It takes a village to produce a world-class athlete, who needs a well-oiled team of experts to deliver a winning performance in international tournaments like the Olympic Games.
Just ask the Philippine Sports Commission and the Philippine Olympic Committee.
The PSC calls it the “Hidilyn Model,” wherein its board approved a support team for Hidilyn Diaz after her silver medal in the 2016 Rio Olympics.
“We have limited resources, but we saw her potential so we took the chance,” said Ramirez when the PSC gave its approval to hire for Diaz a foreign coach, strength and conditioning coach, masseuse, sports psychologist and a sports nutritionist, collectively known as Team HD.
The result was the Philippines’ first-ever gold medal in the Olympiad, courtesy of Diaz in the 55kg weightlifting competitions of the Tokyo games.
Ramirez and the PSC board of commissioners provided the same support, based on their submitted requirements, for gymnast Caloy Yulo, pole vaulter EJ Obiena and judoka Kiyomi Watanabe, among others.
“I have always said, experience is an advantage. Hidilyn took four Olympic cycles to finally attain her golden dream,” said the sports chief, whose own experience as a two-term Chairman of the PSC helped him lead effectively.

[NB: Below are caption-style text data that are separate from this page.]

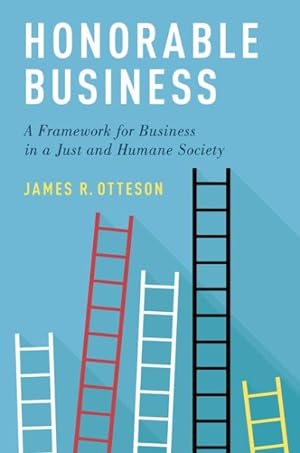 Bild des Verkufers fr Honorable Business : A Framework for Business in a Just and Humane Society zum Verkauf von GreatBookPrices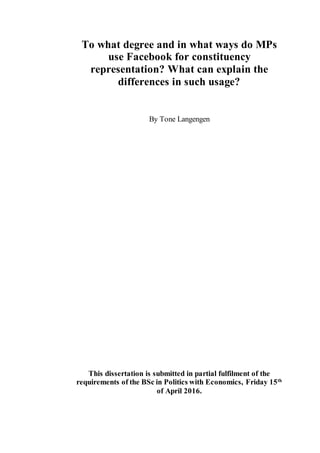 To what degree and in what ways do MPs
use Facebook for constituency
representation? What can explain the
differences in such usage?
By Tone Langengen
This dissertation is submitted in partial fulfilment of the
requirements of the BSc in Politics with Economics, Friday 15th
of April 2016.
 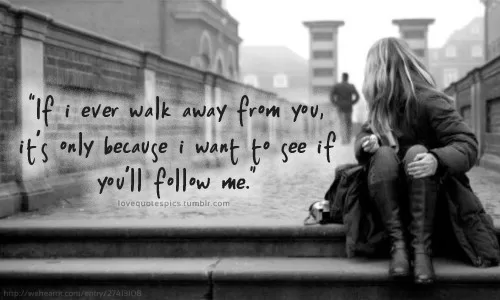 If I walk away from you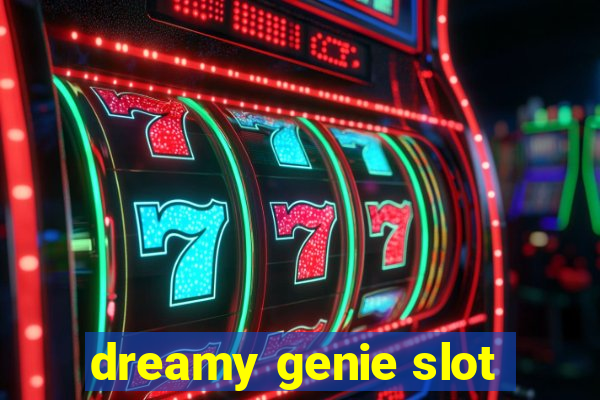 dreamy genie slot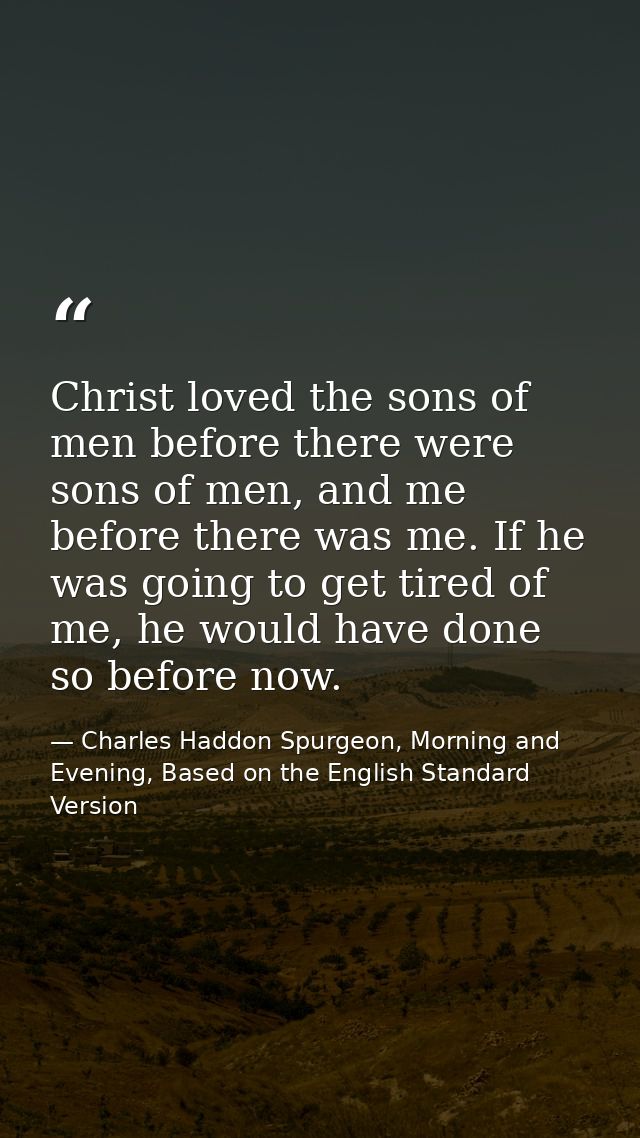 Christ loved the sons of men before there were sons of men, and me before there was me. If he was going to get tired of  — Charles Haddon Spurgeon, Morning and Evening, Based on the English Standard Version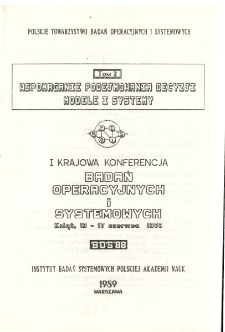 Optymalizacja metody i zastosowania. Tom 2: I Krajowa Konferencja Badań Operacyjnych i Systemowych BOS'88, Książ, 13-17 czerwca 1988 * Systemy wspomagające zarządzanie * Metoda optymalizacji polityk decyzyjnych w modelach dynamiko - systemowych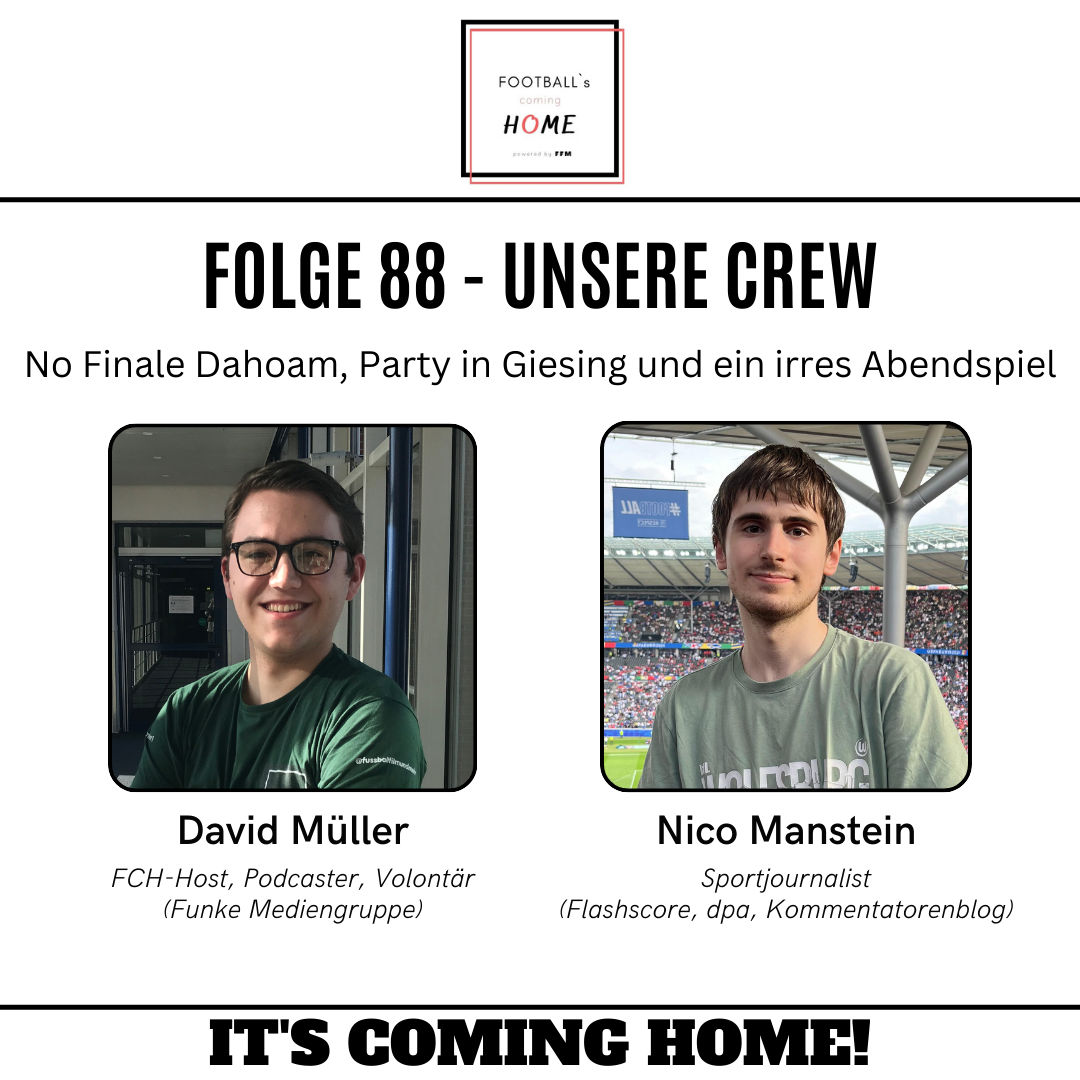 #88 - No Finale Dahoam, Party in Giesing und ein irres Abendspiel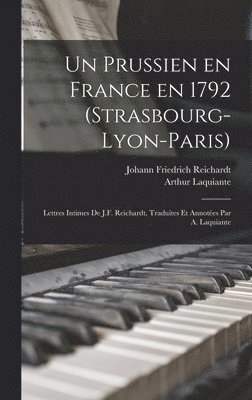 Johann Friedrich Reichardt, Arthur Laquiante - prussien en France en 1792 (Strasbourg-Lyon-Paris); lettres intimes de J.F. Reichardt, traduites et annotées par A. Laquiante, Inbunden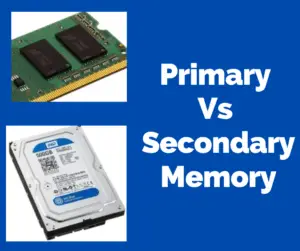 Difference between Primary and Secondary Memory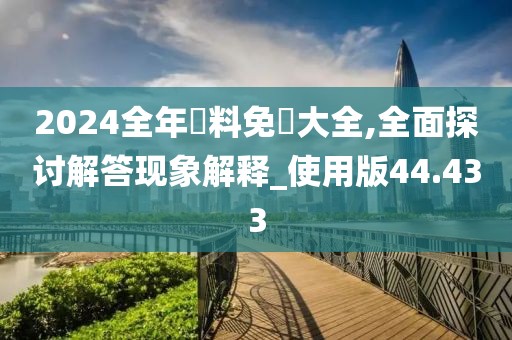 2024全年資料免費大全,全面探讨解答现象解释_使用版44.433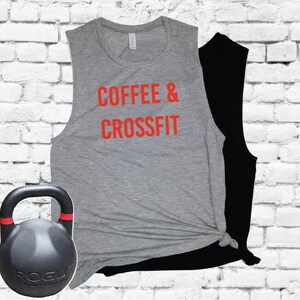 Coffee and Crossfit Tank Women&#39;s Flowy Scoop Neck Muscle Tee Workout Crossfit T-shirt Custom Colors Shirt Exercise Funny Gym Shirt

POC president Abraham “Bambol” Tolentino also stressed the importance of having such a group of experts backing up athletes during international competitions.

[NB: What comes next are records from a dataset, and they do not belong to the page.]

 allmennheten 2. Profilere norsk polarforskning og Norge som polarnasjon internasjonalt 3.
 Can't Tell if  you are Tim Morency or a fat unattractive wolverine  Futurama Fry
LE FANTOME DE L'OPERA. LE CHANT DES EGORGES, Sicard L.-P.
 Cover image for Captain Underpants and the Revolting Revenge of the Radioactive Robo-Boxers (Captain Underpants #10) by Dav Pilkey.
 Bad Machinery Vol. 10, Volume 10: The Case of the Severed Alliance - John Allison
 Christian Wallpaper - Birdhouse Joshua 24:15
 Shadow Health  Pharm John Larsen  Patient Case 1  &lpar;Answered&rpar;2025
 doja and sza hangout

“Kagaya kay Hidilyn, nasa backroom ang labanan,” said Tolentino, referring to Team HD, which includes Diaz’s Chinese coach Gao Kaiwen, strength and conditioning specialist Julius Naranjo, sports nutritionist Jeaneth Aro and sports psychologist Dr. Karen Trinidad.

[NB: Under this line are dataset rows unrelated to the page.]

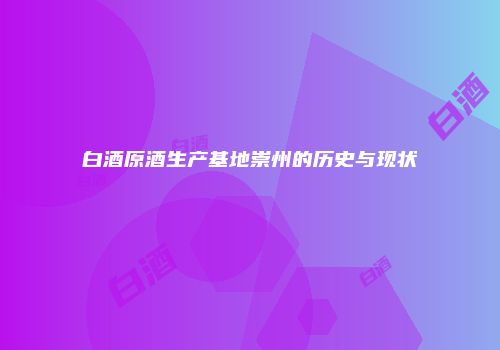 白酒原酒生产基地崇州的历史与现状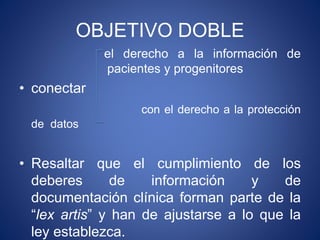 OBJETIVO DOBLE
el derecho a la información de
pacientes y progenitores
• conectar
con el derecho a la protección
de datos
...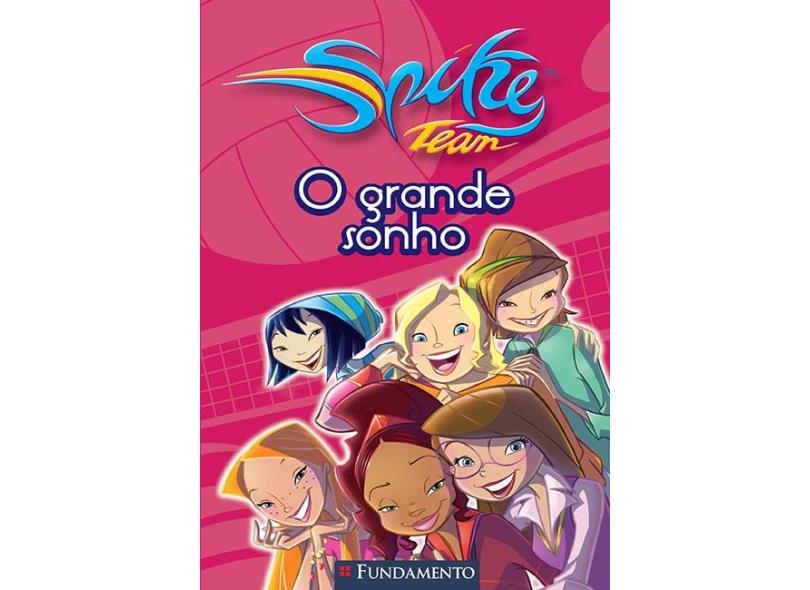 Spike Team - o Grande Sonho - Lo Bianco, Fabrizio - 9788539506347
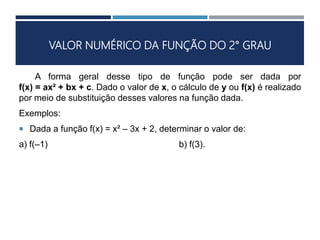 VALOR NUMÉRICO DA FUNÇÃO DO 2° GRAU
A forma geral desse tipo de função pode ser dada por
f(x) = ax² + bx + c. Dado o valor de x, o cálculo de y ou f(x) é realizado
por meio de substituição desses valores na função dada.
Exemplos:
 Dada a função f(x) = x² – 3x + 2, determinar o valor de:
a) f(–1) b) f(3).
 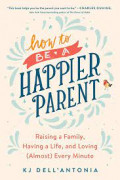 How To be A Happier Parent: Raising a family, having a  life, and loving (almost) every minute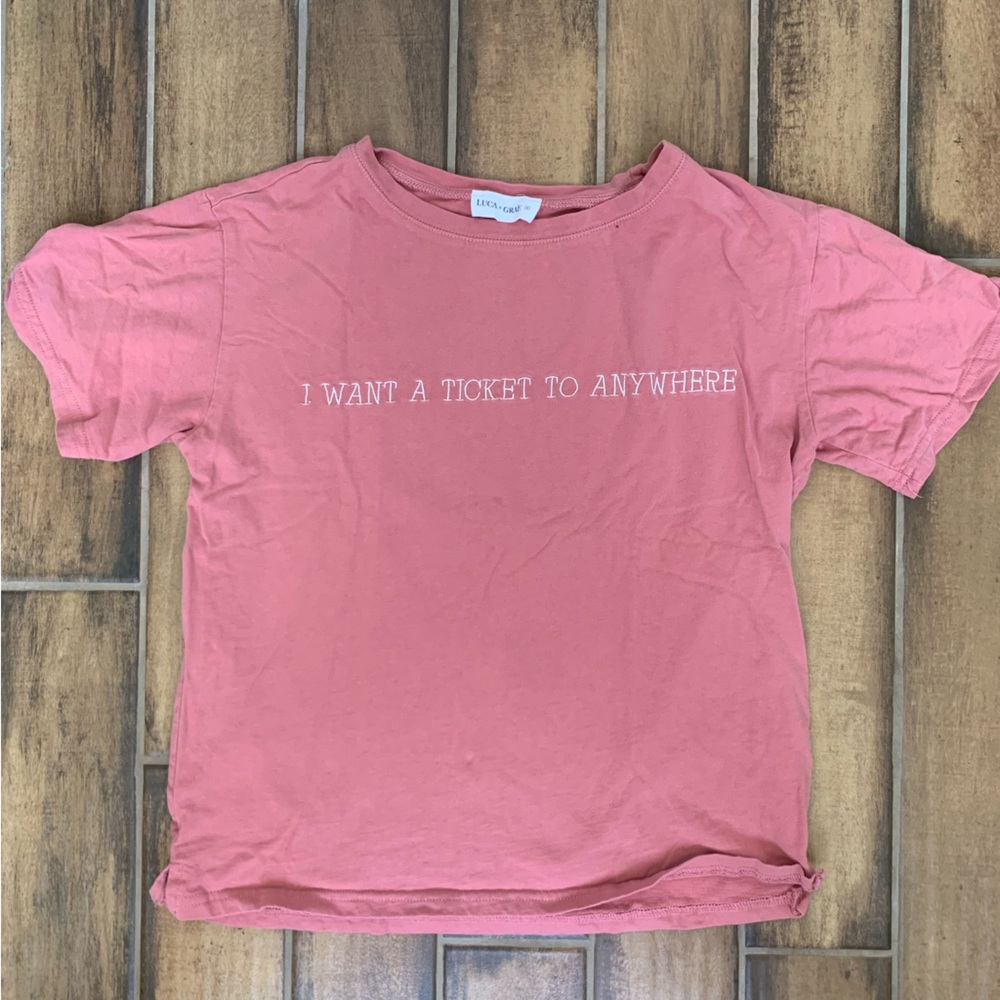 Luca and Grae Pink Tshirts I want a ticket to anywhere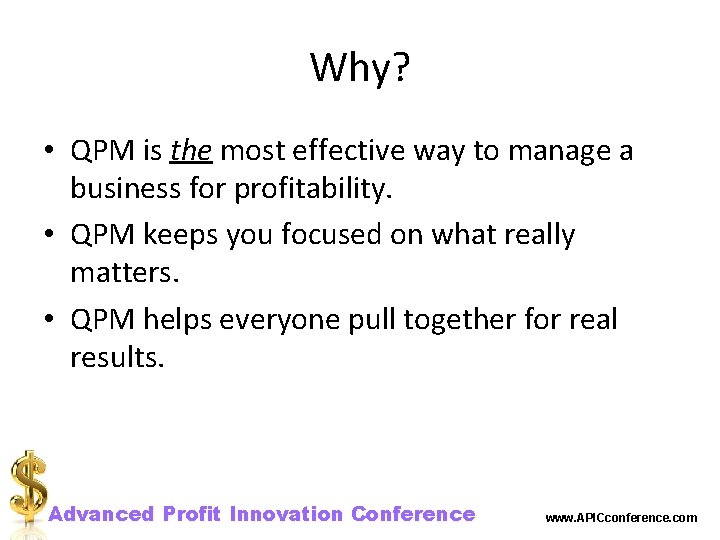 Why? • QPM is the most effective way to manage a business for profitability.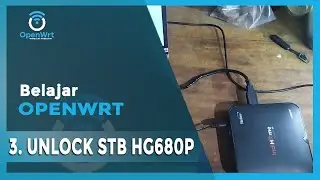 UNLOCK STB HG680P KE PULPSTONE 2.8 | Belajar Openwrt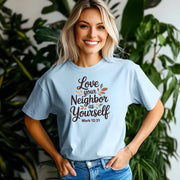 Love Your Neighbor As Yourself Shirt | Mark 12:31 Christian Tee | Faith Over Politics Graphic Shirt | Comfort Colors Christian Gift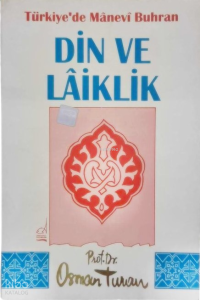 Türkiye´de Manavi Buhran Din ve Laiklik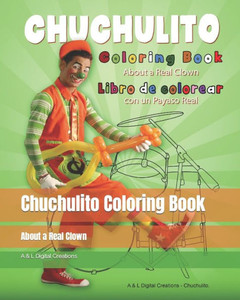 Chuchulito Coloring Book: About A Real Clown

The POC chief said it was not only Diaz which had support groups that are helping them.
“May nakatutok sa kanila na mga psychologists at doktor. Hindi naman sila pinababayaan,” added Tolentino.
Support groups will also play an important role in the campaigns of golfers Juvic Pagunsan, Yuka Saso and Bianca Pagdanganan.
The needs of Obiena and sprinter Kristina Knott will also be addressed in their competitions in athletics.
The PSC has quietly supported the national team, spending around 2.7 billion to cover its expenses, such as foreign exposures, trainings, equipment, meals supplies and allowances. Ramirez disclosed that looking forward to the 2024 Paris Olympics now becomes a rosier picture to look forward to. By then we would have a more mature team to field.
“I think it gives everyone a more impetus to plan and start their preparations,” said Ramirez, smiling “pero dito muna tayo, savor the moment and keep praying for more moments of victories for our athletes and the Filipino people.”
After the Tokyo Olympics, though, the PSC wants to buckle down to work by creating a playbook, some sort of a blueprint on how to prepare athletes for the Olympiad.
“Gagawin namin ang playbook. These are plans towards the Olympics in Paris, Los Angeles and Brisbane,” said Ramirez.
The PSC chief said he and members of the board will deliberate on the playbook in the coming weeks. This will serve as a direction for athletes, coaches, the national sports associations and the private sponsors in their efforts to assist the government agency prepare for major international competitions.
The PSC chief explained that the playbook will be for the next leaders of the government sports agency to deal with, when the administration changes in the next nine months.
“Kung hindi namin gagawin ito, baka magkaroon ng problema. So it will be an important blueprint for the coming administration,” said Ramirez.